TASK INSTRUCTIONS:
Using the data that follows, output only the lines from the line with "Image No.11-2 Bed House for sale" up to and including the line with "Lampe de table OVNI", exactly, leaving pictures aside.

Recorded data:
---------------

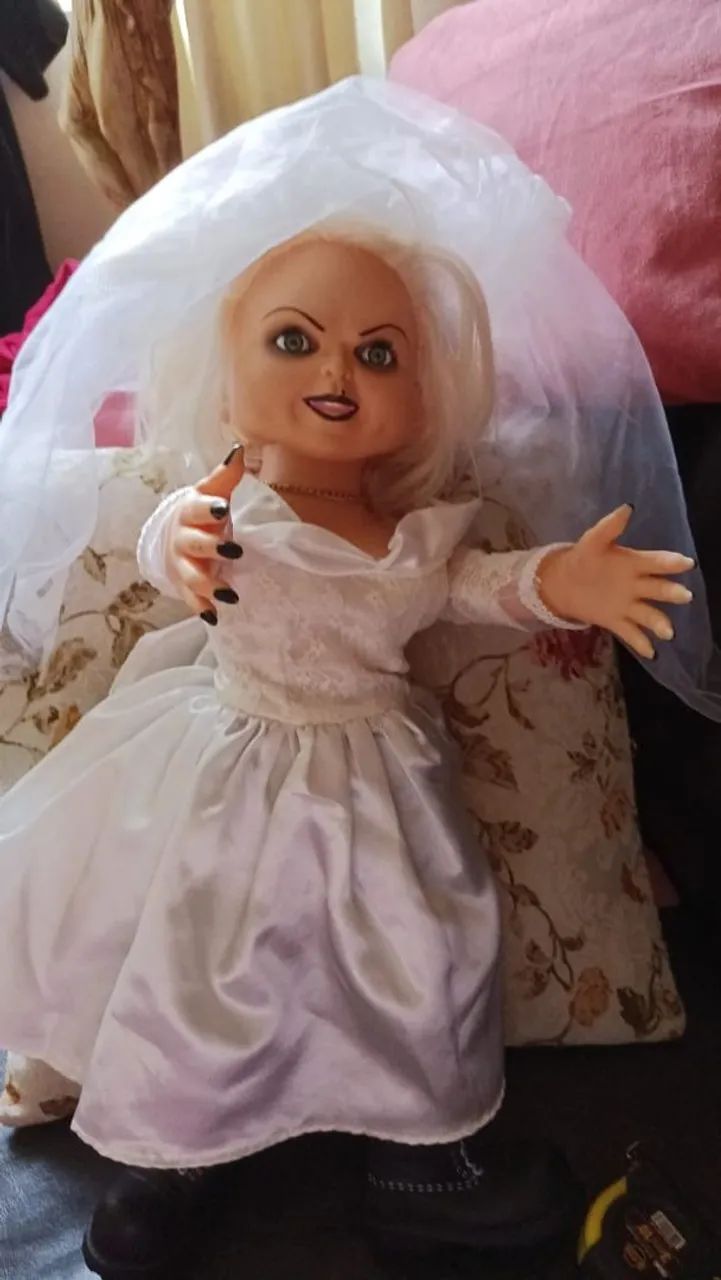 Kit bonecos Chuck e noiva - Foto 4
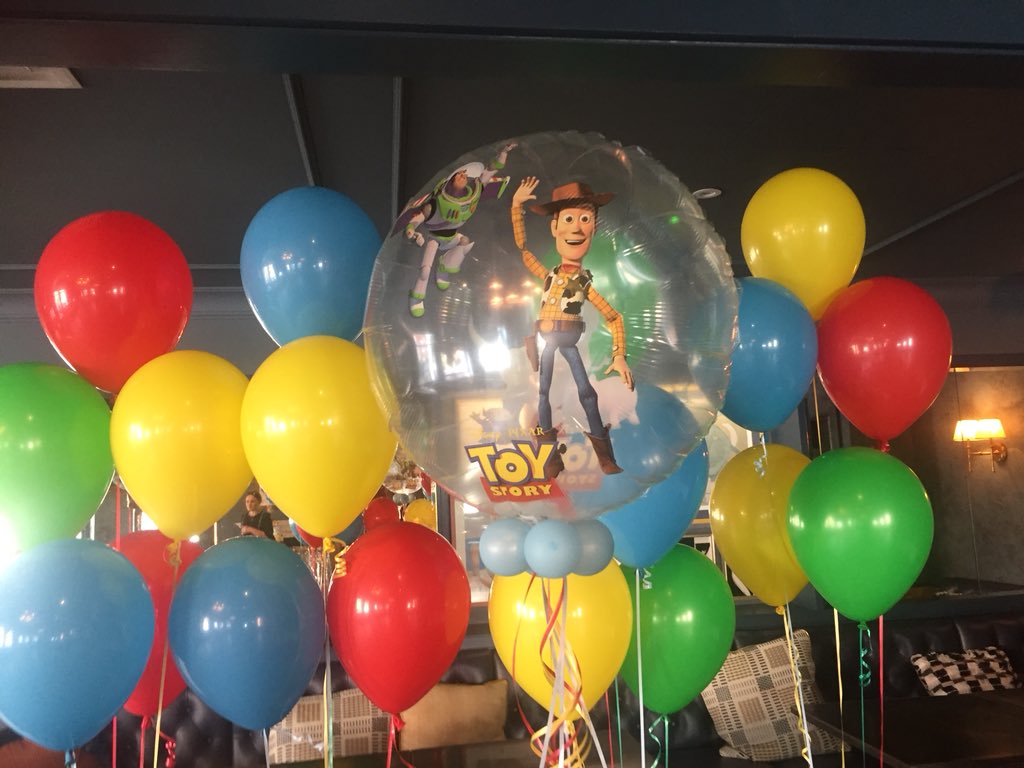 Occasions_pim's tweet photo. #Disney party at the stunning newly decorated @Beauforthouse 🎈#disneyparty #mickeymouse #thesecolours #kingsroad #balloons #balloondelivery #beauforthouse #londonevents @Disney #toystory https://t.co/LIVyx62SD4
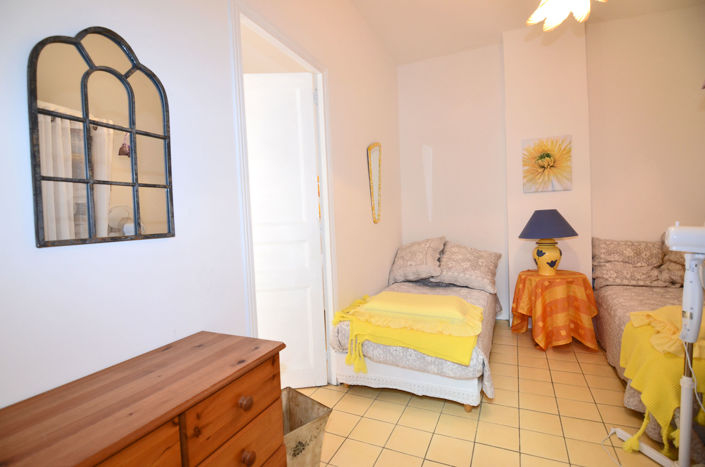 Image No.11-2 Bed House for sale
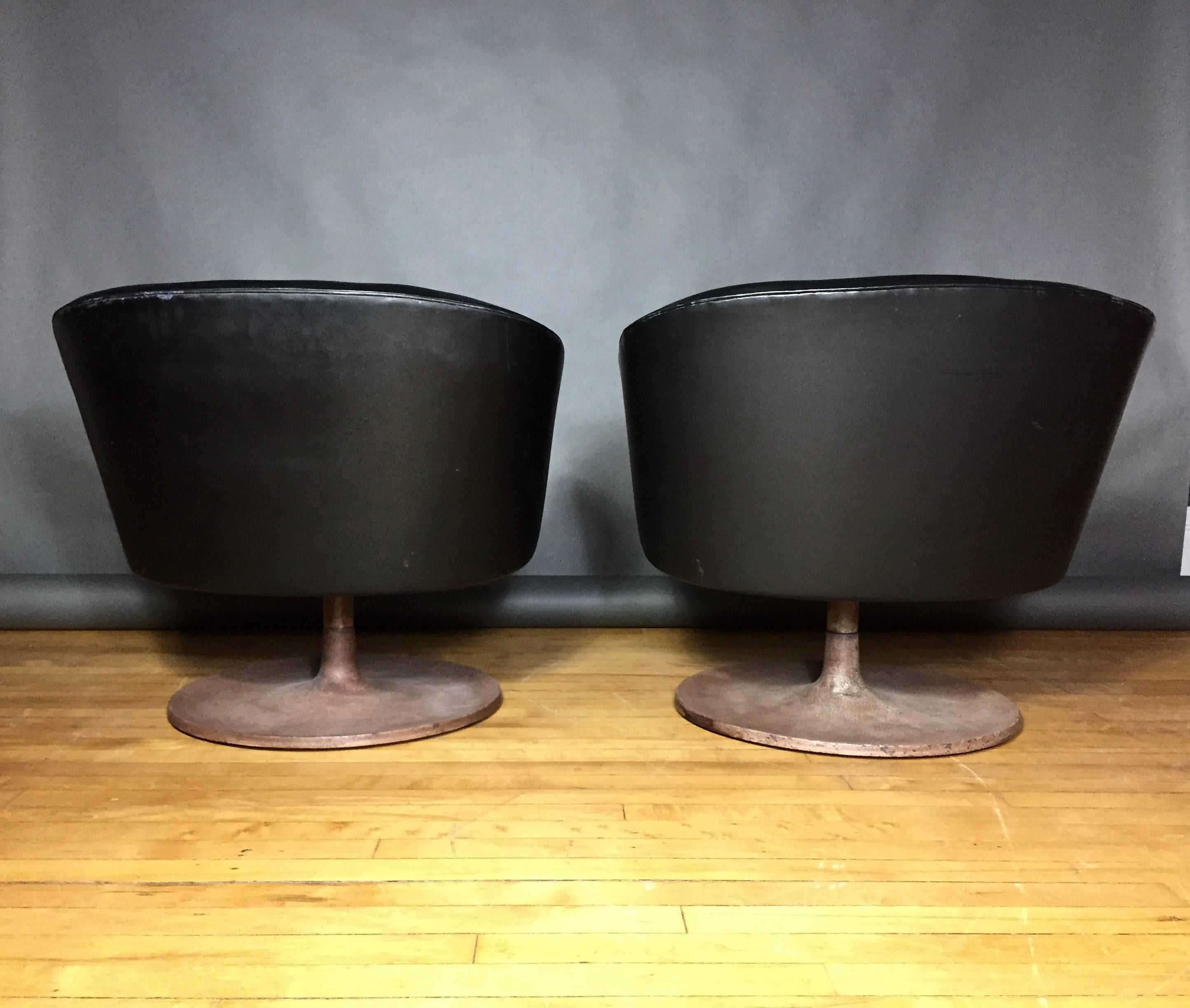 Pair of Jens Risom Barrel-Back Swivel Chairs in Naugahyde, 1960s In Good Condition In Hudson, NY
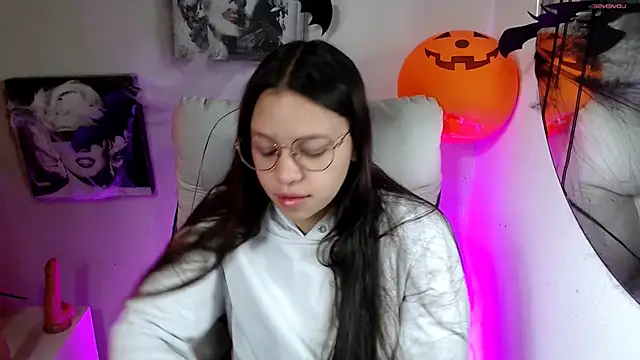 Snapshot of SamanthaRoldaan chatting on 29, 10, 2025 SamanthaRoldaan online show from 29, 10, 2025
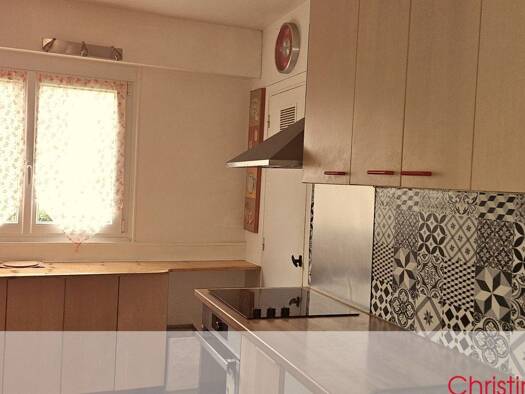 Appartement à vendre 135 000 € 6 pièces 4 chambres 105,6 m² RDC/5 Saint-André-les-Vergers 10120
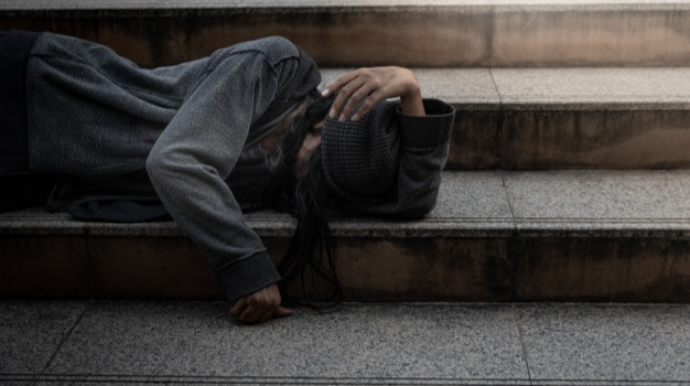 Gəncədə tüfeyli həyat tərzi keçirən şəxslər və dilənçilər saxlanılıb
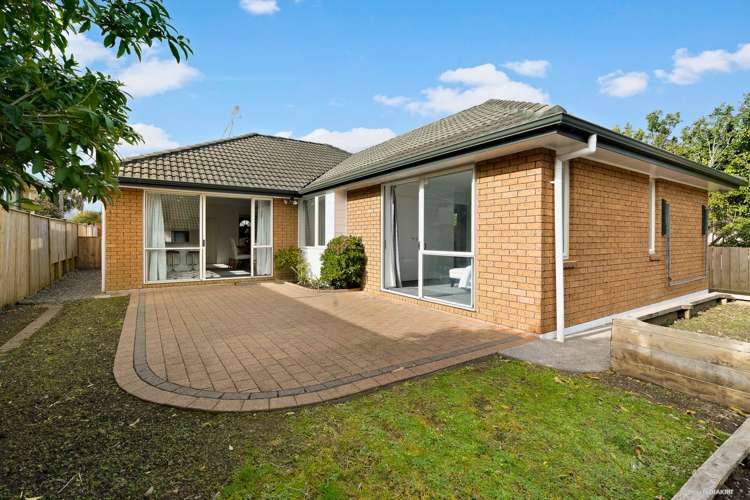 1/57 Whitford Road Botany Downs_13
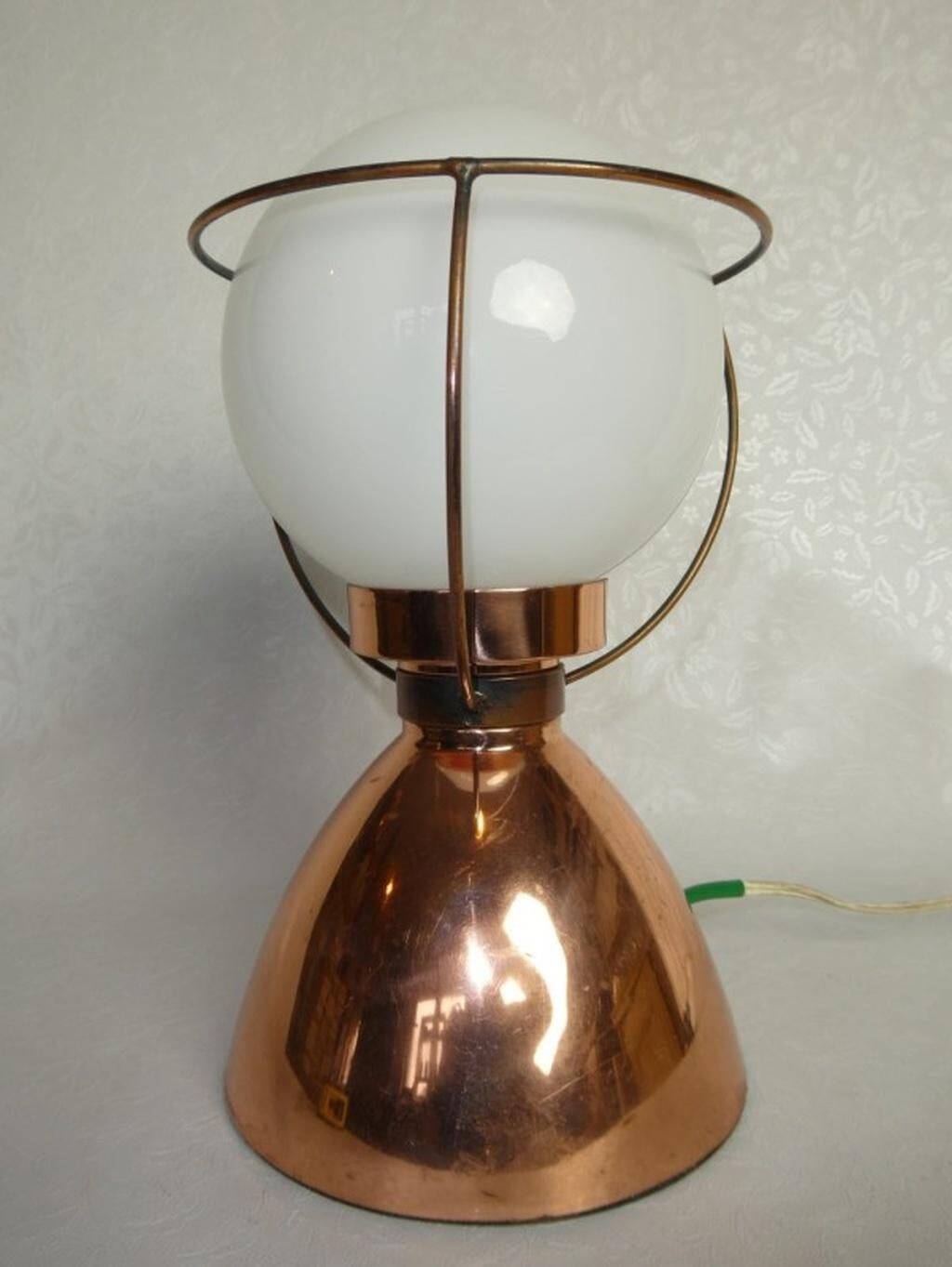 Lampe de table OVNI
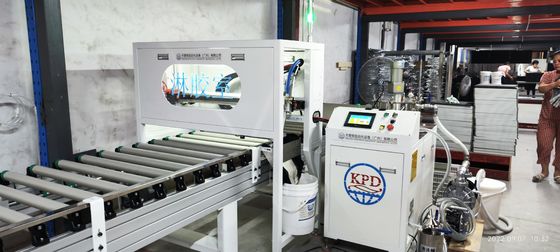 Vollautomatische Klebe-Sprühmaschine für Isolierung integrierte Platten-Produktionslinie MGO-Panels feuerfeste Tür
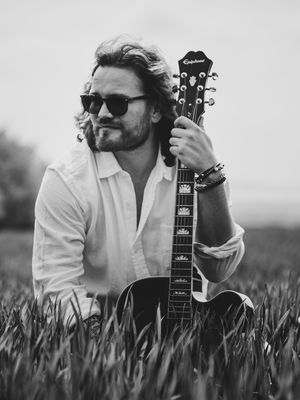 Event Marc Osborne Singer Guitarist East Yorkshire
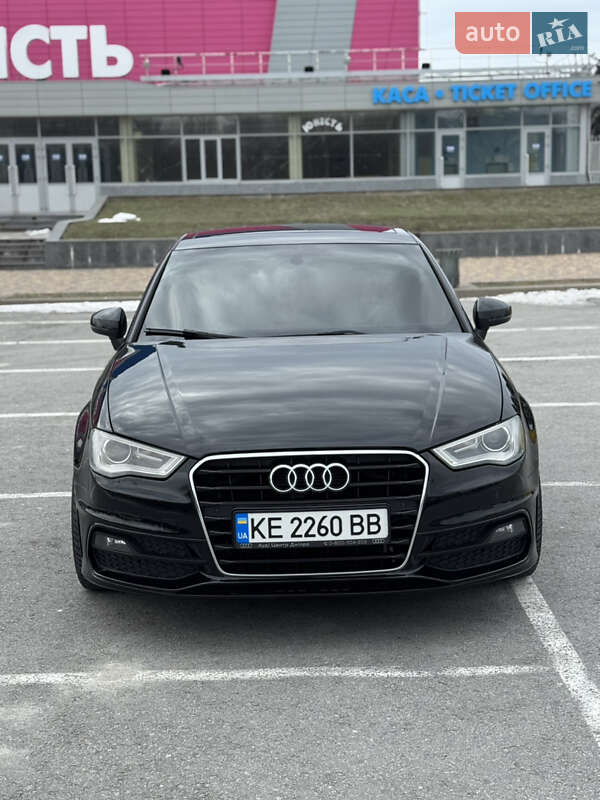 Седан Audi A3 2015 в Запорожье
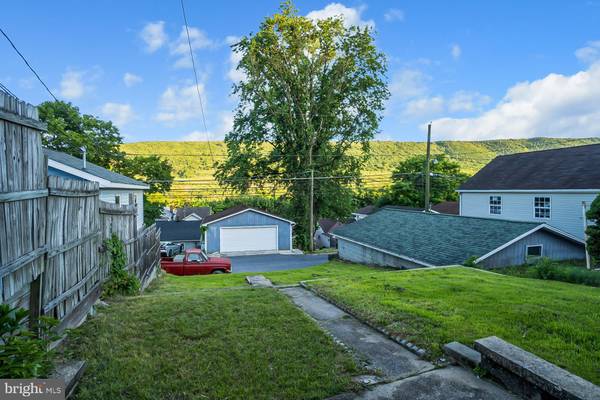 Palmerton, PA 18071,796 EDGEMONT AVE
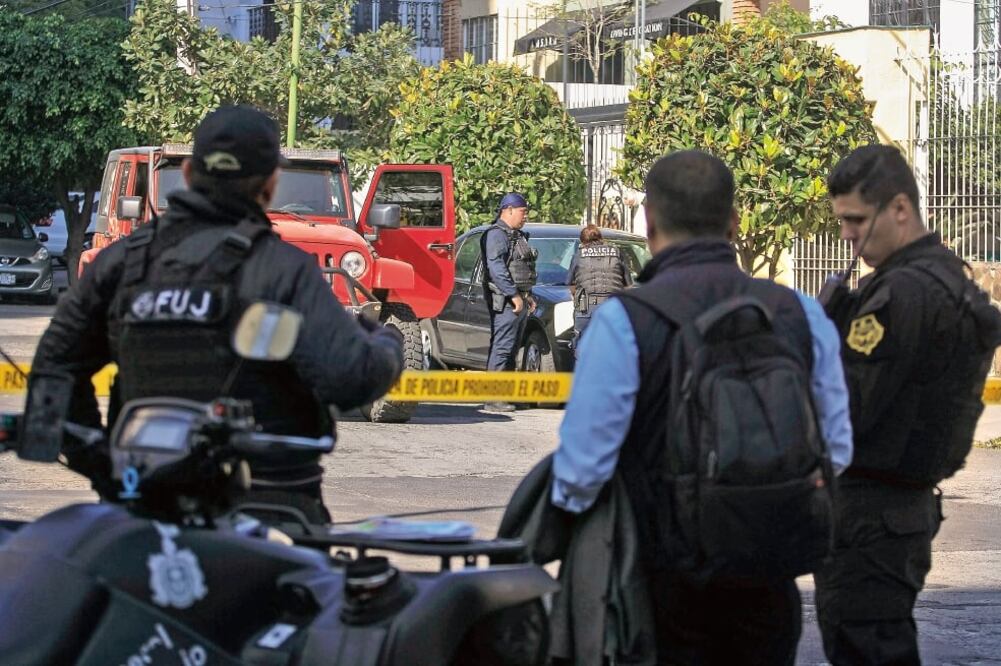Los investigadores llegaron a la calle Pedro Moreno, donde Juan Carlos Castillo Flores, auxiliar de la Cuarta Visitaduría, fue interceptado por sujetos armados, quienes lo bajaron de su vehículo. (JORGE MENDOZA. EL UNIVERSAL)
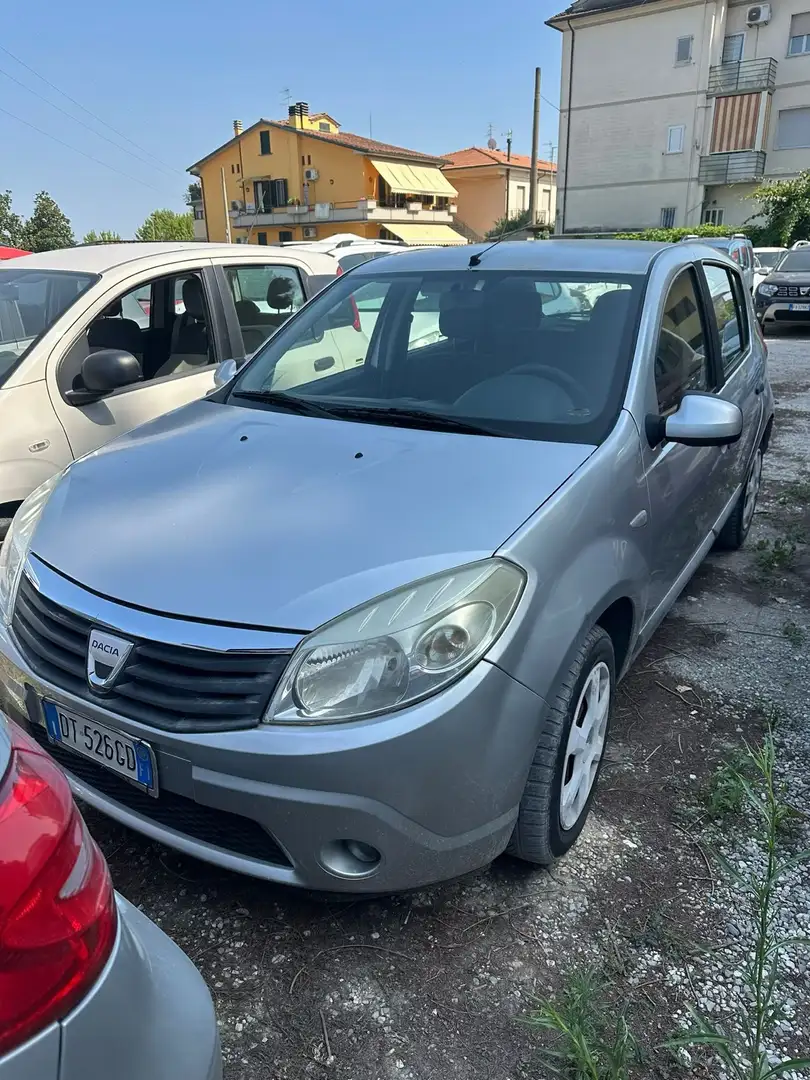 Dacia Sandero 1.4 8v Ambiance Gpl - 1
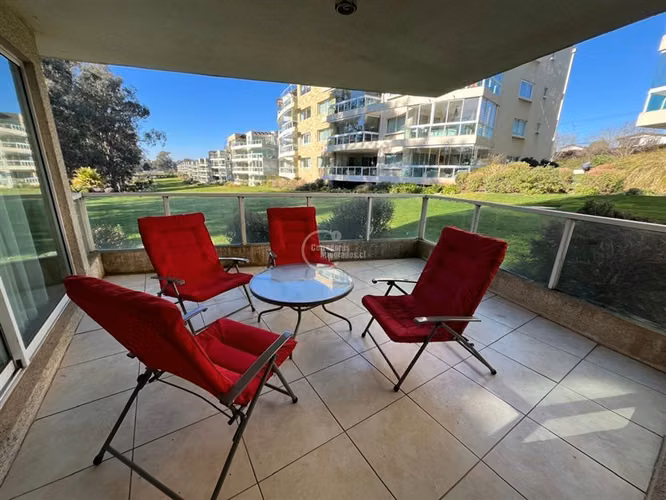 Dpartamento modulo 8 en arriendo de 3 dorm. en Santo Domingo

---------------

ANSWER:
 Image No.11-2 Bed House for sale
 Pair of Jens Risom Barrel-Back Swivel Chairs in Naugahyde, 1960s In Good Condition In Hudson, NY
 Snapshot of SamanthaRoldaan chatting on 29, 10, 2025 SamanthaRoldaan online show from 29, 10, 2025
 Appartement à vendre 135 000 € 6 pièces 4 chambres 105,6 m² RDC/5 Saint-André-les-Vergers 10120
 Gəncədə tüfeyli həyat tərzi keçirən şəxslər və dilənçilər saxlanılıb
 1/57 Whitford Road Botany Downs_13
 Lampe de table OVNI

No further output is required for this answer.